Keep on rolling here. The root causes for a lot of these breaches. The one to me that stands out is that 27%, that human error, I think this really gets to the point on how MFT in general and GoAnywhere can help you, hopefully, try to eliminate that as much as possible through that workflow automation, things that we'll talk about. System glitches, again, you can do it from a configuration settings, I think those reports to tell you where you're at, can help you with that. Then malicious or criminal attack and we'll look at breakdown of that 48%, but a lot of it is sometimes insider misuse. In that case, we can do a lot of auditing and access control to help mitigate some of those as well.
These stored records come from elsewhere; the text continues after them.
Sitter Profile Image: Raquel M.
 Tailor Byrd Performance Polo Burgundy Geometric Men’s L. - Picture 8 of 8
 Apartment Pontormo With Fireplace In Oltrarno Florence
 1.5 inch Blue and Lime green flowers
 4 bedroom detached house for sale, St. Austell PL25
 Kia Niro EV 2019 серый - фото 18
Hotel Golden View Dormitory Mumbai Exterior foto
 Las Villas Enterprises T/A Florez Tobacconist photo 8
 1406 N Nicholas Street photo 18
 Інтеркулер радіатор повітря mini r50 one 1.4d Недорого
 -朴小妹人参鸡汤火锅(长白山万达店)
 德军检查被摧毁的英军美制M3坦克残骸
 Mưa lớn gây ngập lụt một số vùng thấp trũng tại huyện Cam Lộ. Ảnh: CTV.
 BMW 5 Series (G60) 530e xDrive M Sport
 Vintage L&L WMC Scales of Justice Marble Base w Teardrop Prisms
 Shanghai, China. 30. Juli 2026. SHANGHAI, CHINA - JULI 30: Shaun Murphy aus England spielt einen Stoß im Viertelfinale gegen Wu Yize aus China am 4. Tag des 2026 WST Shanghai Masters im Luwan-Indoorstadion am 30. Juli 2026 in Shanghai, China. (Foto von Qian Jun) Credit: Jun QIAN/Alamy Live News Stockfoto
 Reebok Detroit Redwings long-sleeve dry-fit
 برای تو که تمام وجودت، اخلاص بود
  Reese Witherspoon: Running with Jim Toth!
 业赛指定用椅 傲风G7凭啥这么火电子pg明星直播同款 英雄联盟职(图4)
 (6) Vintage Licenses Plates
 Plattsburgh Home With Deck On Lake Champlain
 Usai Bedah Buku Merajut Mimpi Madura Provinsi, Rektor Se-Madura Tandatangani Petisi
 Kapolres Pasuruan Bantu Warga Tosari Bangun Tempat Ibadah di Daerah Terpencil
Some of the key findings, I guess from the 2018, you had a 6% increase in total costs, 4% on capita and 2.2 as far as the number of records that were breached in 2018 as compared to 2017. Average breach, 3.8 million so not really complete chump change, at least for a lot of organizations. Again, the hacker and insider threat. It's not just outside users, it can be malicious insiders comprised of almost half of all the breaches. This next bullet point we didn't really touch on in the previous slides, but the meantime to identify usually those breaches is 197 days in 2018 and if you just sit back and think about that for a second, that's a long time. That's a really long time for folks to be sitting on your network, doing network probing discovery to really pull and infiltrate data out of your network without you even knowing.

Mean Time To Contain what you do find in about 69 days again, a long time for you to get those fixes mitigated. Then both Mean Time To Identify and Contain were highest for malicious criminal attacks versus human error. I think that's kind of common sense. If it's a malicious or criminal attack, most of the time it's going to be somebody having to find that, whether or not you have proper defenses in place whereas human error, we'd like to think most humans have a moral compass and they actually know when they did an error and they will actually tell it. That's probably part of the reason why those are a little bit shorter on the identifying and contain, because they probably know what they did.

There's a couple other ones, that third party involvement, if you think of Target when they had their HVAC contractors, how they actually got hacked way back a few years ago. Anytime you have third party involvement it's going to cost an increase because you have to deal with somebody else. Same thing for cloud migration. There's usually a lot of IT folks in action there to help identify what resources that we need to deal with, so that can be another tough one to deal with. That gives you that maybe shock factor on what we're looking at as far as how breaches can affect your organization and some of those, especially from the bottom-line standpoint. What are we actually doing from the bottom-line?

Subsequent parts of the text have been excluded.